Interlocking flooring is usually made of rubber or some sort of rubber composite. It’s easy to clean and makes standing and kneeling on the concrete floors more comfortable since it acts as a cushion. The only downside is that it tends to be very expensive, especially if you have a large garage.
Epoxy coating the concrete in your garage is a cost-effective way to protect the floor, and can usually be completed by one person over a weekend. Like the interlocking flooring, it’s easy to clean if you spill oil or other chemicals. It’s also a fairly effective sealant for any cracks that you may have in your concrete.
Step 3: Lighting
You can’t work on a car if you can’t see what you’re doing. If the lighting in your garage is sub-par, improving the lighting should be your next step.
First, look into overhead lighting. Fluorescent light fixtures are fairly easy to install. If you have electrical experience, you could wire them to a switch for ease of use. If not, look into corded fluorescent fixtures that just need to be attached and plugged in.

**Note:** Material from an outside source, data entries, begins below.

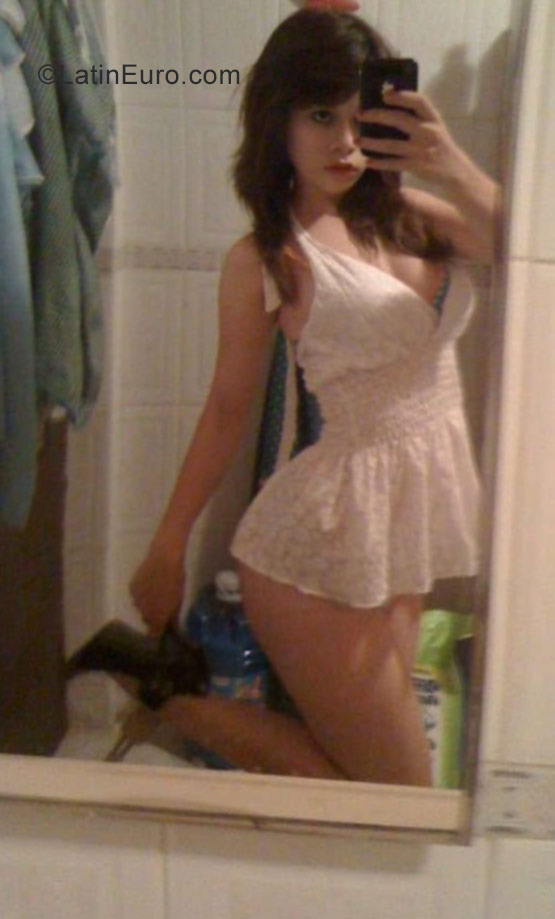 Date this young Dominican Republic girl Elaine from La Romana DO34628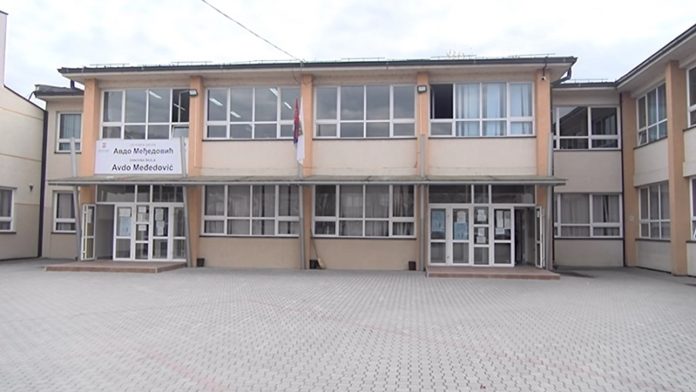 nakon-ugradnje-novih-kotlova-radijatori-u-skoli-“avdo-medjedovic”-ponovo-topli nakon-ugradnje-novih-kotlova-radijatori-u-skoli-“avdo-medjedovic”-ponovo-topli
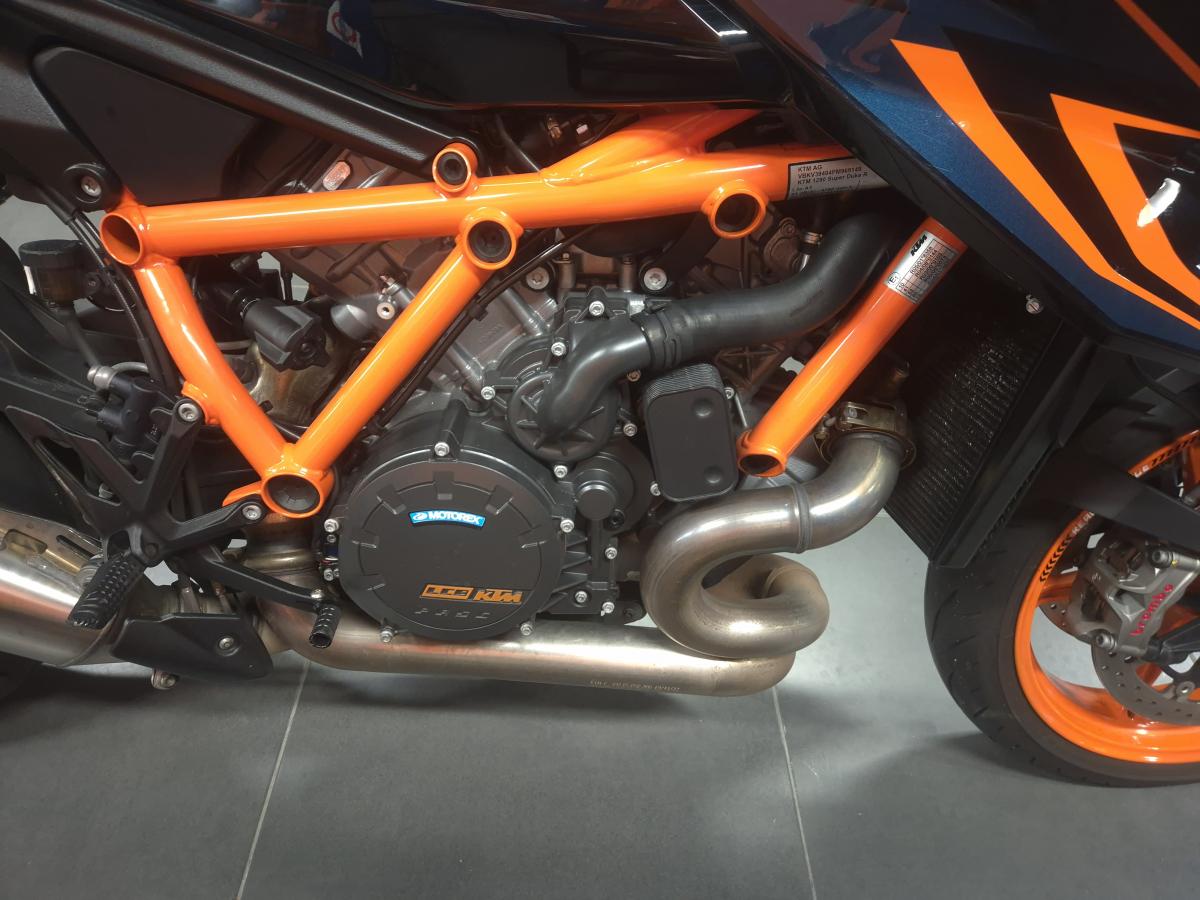 
								KTM 1290 SUPERDUKE R full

Next, invest in a good portable light. Don’t waste your money on flashlights, because they’ll just run out of battery right when you need them most. Instead, look into a good drop light or clip on lamp that you can attach wherever it is needed. That spotlight will probably get more use than your overhead lighting.
Step 4: Tools
You can’t work on a car without your tools. If you’ve been working on cars for a while, then you probably have at least a few of the things we’re about to list. If not, here’s a basic idea of what you’re going to need to get your garage up and running:
• Hydraulic Jack/Bottle Jack: Always err on the side of caution when it comes to choosing your jack. If you’re going to be working on a variety of cars, consider buying a jack with a higher weight limit.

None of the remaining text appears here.